The function works perfectly on Windows 7 but NOT on windows 8 unfortunately. How can I write code which works on Windows 7 and 8 both? I think I need to use a different version of XML HTTP object.
Function GetHtmlDoc(ByVal URL As String) As Object
Dim msg As String
' Reset the Global variables.
PageSrc = ""
Set htmlDoc = Nothing
With CreateObject("MSXML2.XMLHTTP")
.Open "GET", URL, True
.Send
While .readyState <> 4: DoEvents: Wend
a = .statusText
' Check for any server errors.
If .statusText <> "OK" Then
' Check for WinHTTP error.
'msg = GetWinHttpErrorMsg(.Status)
'If msg = "" Then msg = .statusText
' Return the error number and message.
GetPageSource = "ERROR: " & .Status & " - " & msg
Exit Function
End If
' Save the HTML code in the Global variable.
PageSrc = .responseText
End With
' Create an empty HTML Document.
Set htmlDoc = CreateObject("htmlfile")
htmlDoc.Open URL:="text/html", Replace:=False
' Convert the HTML code into an HTML Document Object.
htmlDoc.write PageSrc
' Terminate Input-Output with the Global variable.
htmlDoc.Close
' Return the HTML text of the web page.
Set GetHtmlDoc = htmlDoc
End Function
Example function call:
Set htmlDoc = GetHtmlDoc("http://www.censusdata.abs.gov.au/census_services/getproduct/census/2011/quickstat/POA2155?opendocument&navpos=220")

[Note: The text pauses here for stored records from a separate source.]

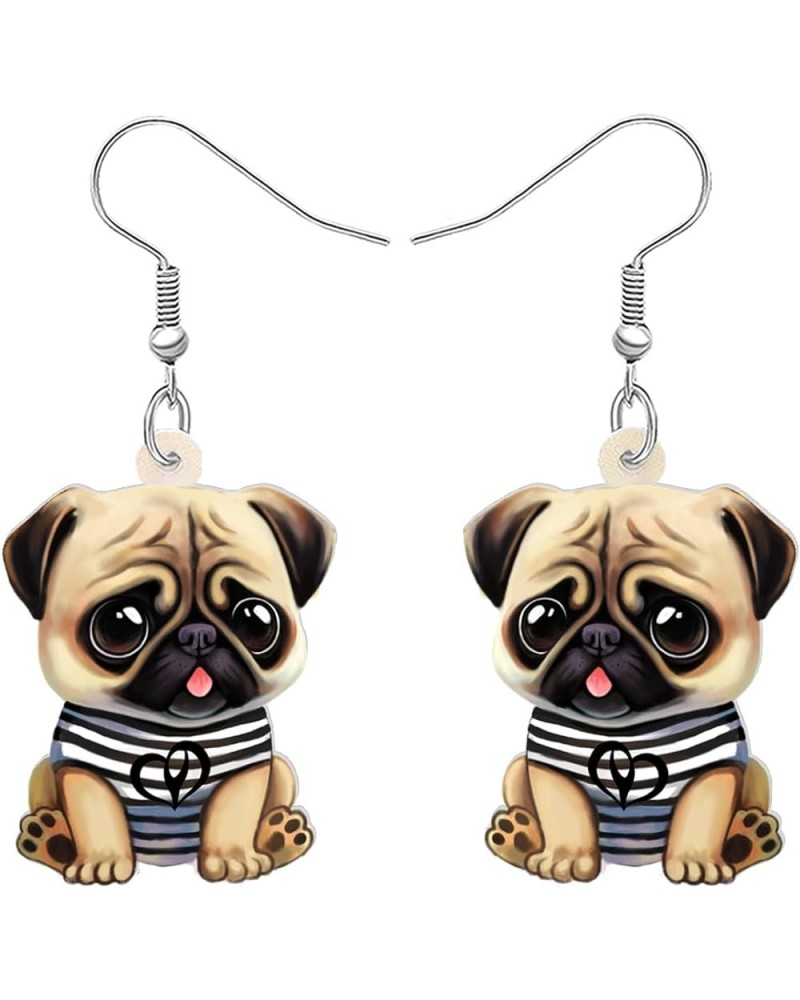 Acrylic Cute Pug Dog Earrings for Women Girls Sweet Puppy Pets Dangle Hook Earrings Jewelry Gifts for Dog Lovers Black $7.69 ...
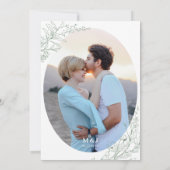 Invitation Élégant Sage Green Floral Monogramme Photo Mariage (Dos)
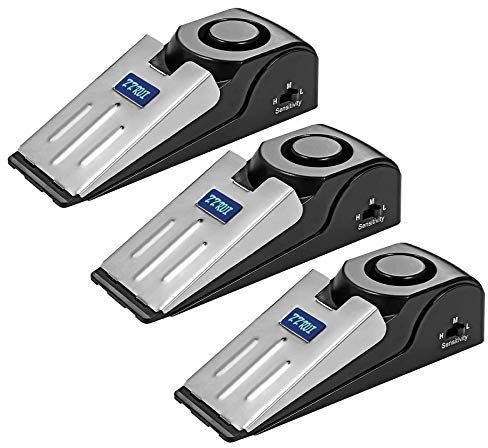 ZZRUI Upgraded 2 in 1 Portable Door Stopper Floor Wedge Security Alarm Loud 120db Entrance Alert Door Stop Alarm for Travel Home Apartment House (3 Packs)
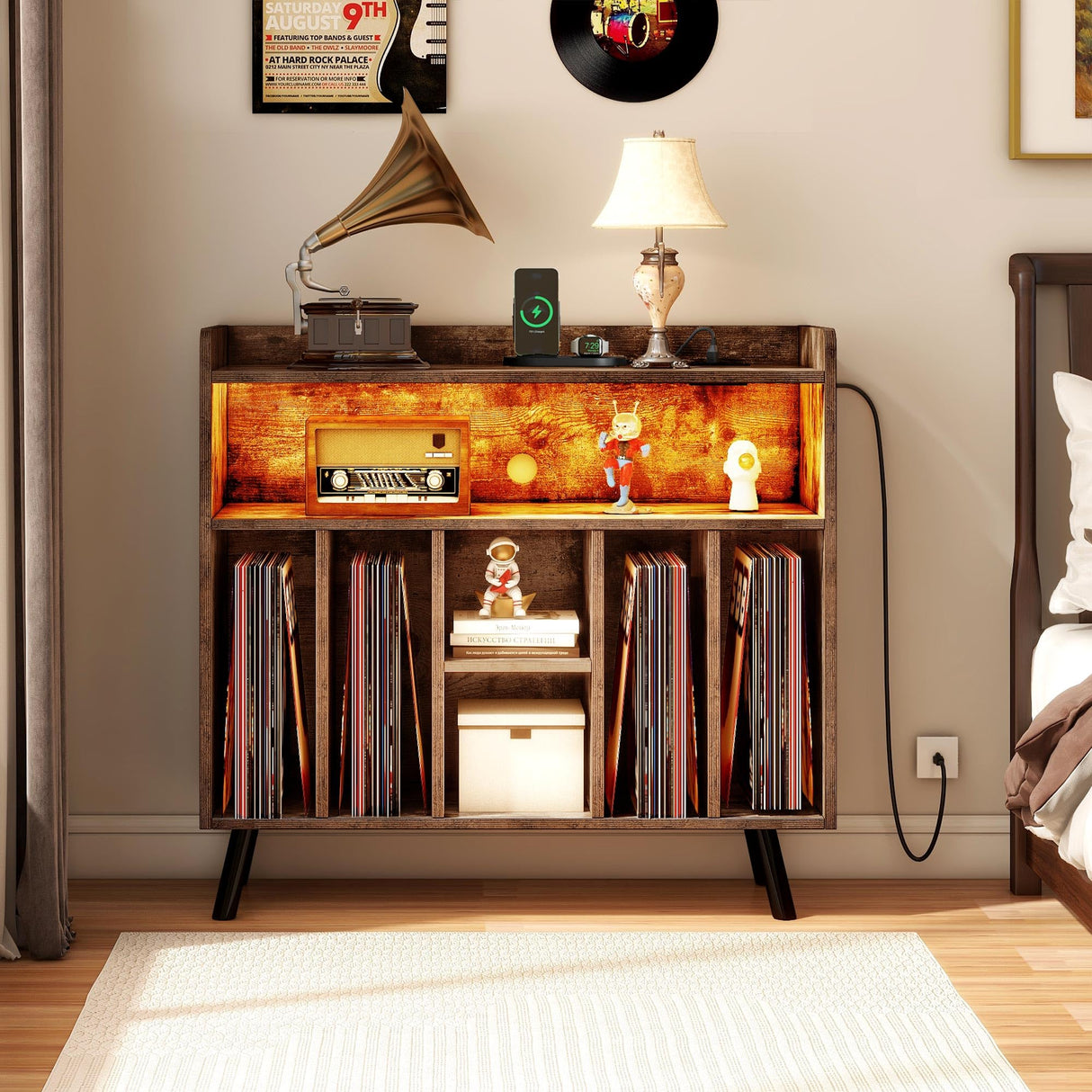 DWVO Large Record Player Stand, Turntable with Power Outlets & LED Lights, Vinyl Record Player Table with Album Storage, Turntable Stand with Record Storage Shelf for Living Room, Brown DWVO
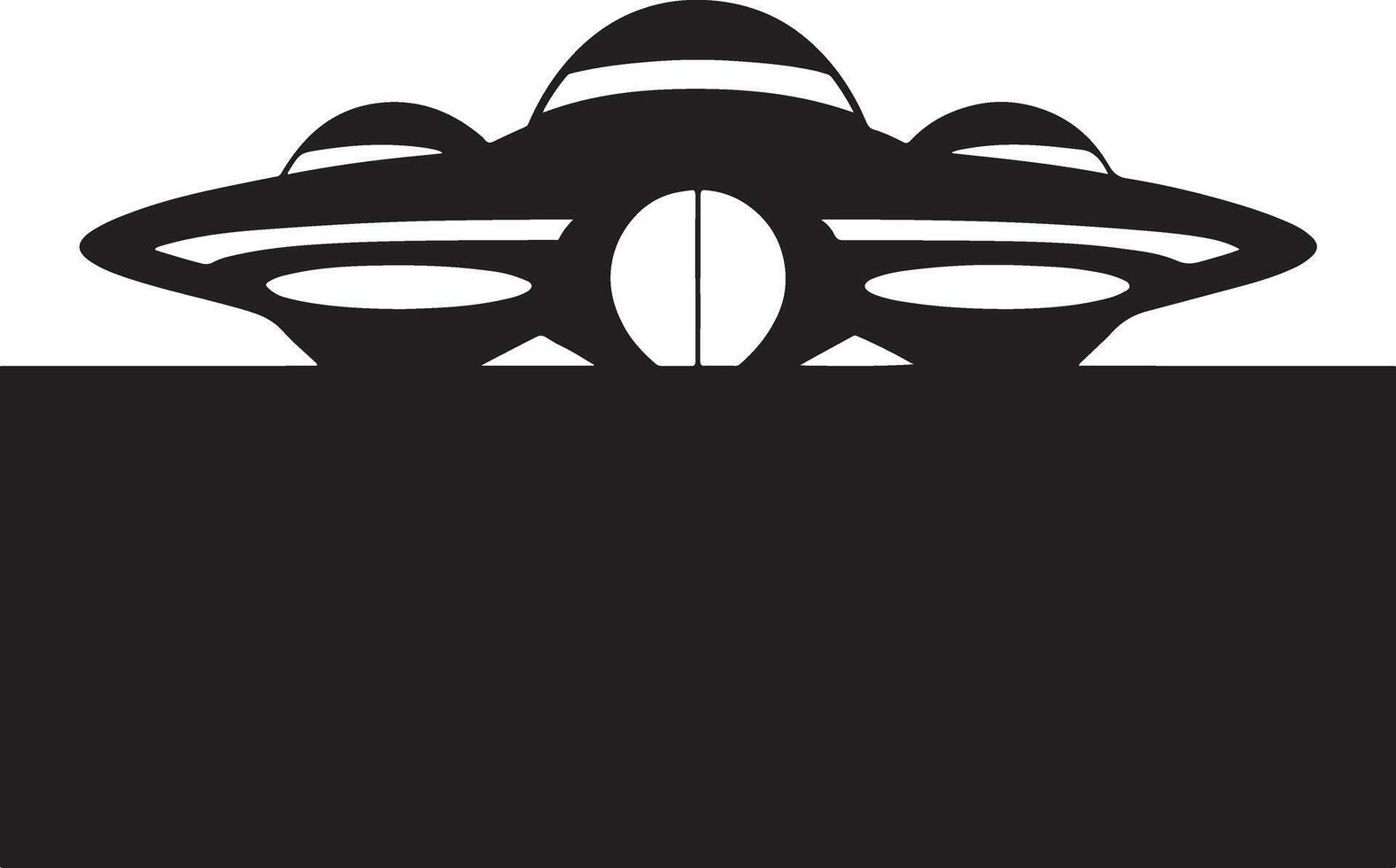 Black silhouette of ufo spaceship isolated on white background. vector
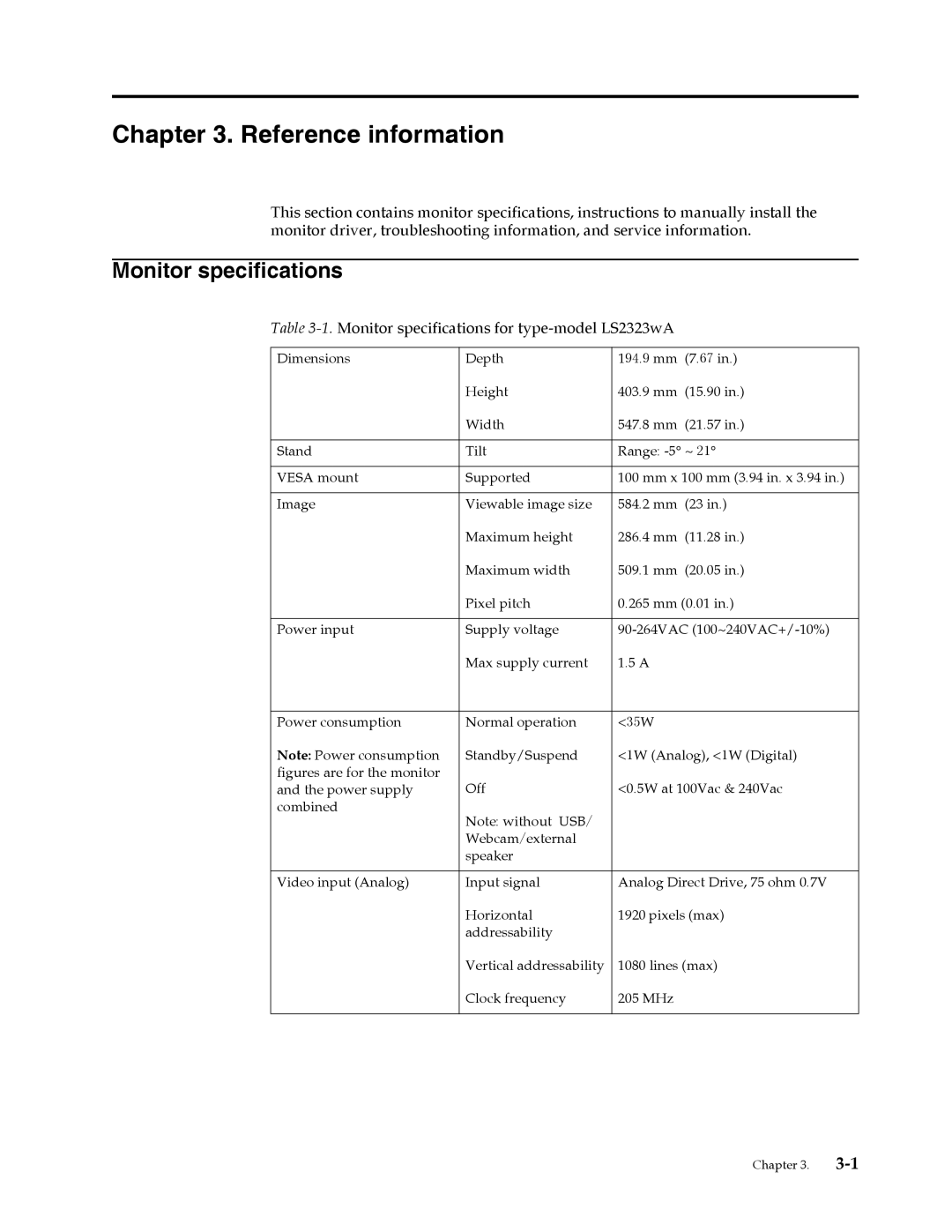 Lenovo 3794HB1 user manual Reference information, Monitor specifications 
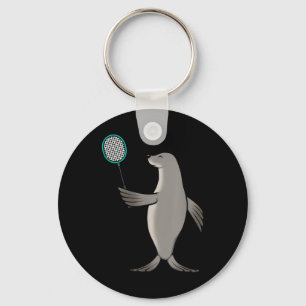Porte-clés Phoque jouant au badminton Hobby Sports 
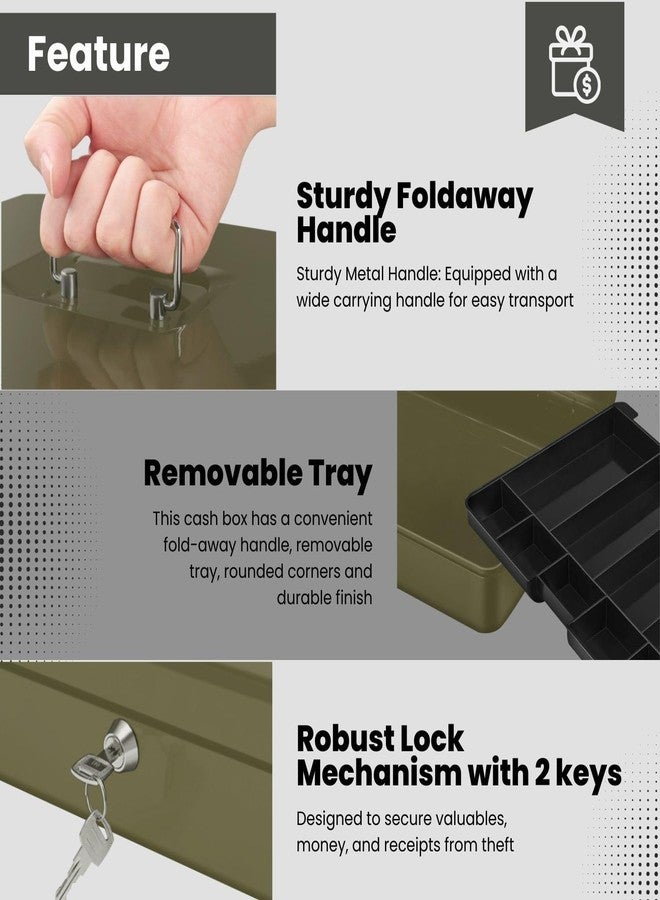 فليكسزيون صندوق نقود فليكسزيون مع صينية نقود وقفل - صندوق نقود معدني للشركات الصغيرة، صندوق نقود أخضر بتسعة أقسام مع صينية قابلة للإزالة ومفتاح، تخزين محمول للشيكات والعملات المعدنية - Image 2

XMLHTTP no longer likes accessing remote servers from local scripts, switch to ServerXMLHTTP:
With CreateObject("MSXML2.ServerXMLHTTP")
.Open "GET", URL, False
(Using False performs the operation synchronously ngating the need for the readyState loop.)
I had same error turns out my code was working fine, just firewall blocked Excel so it failed.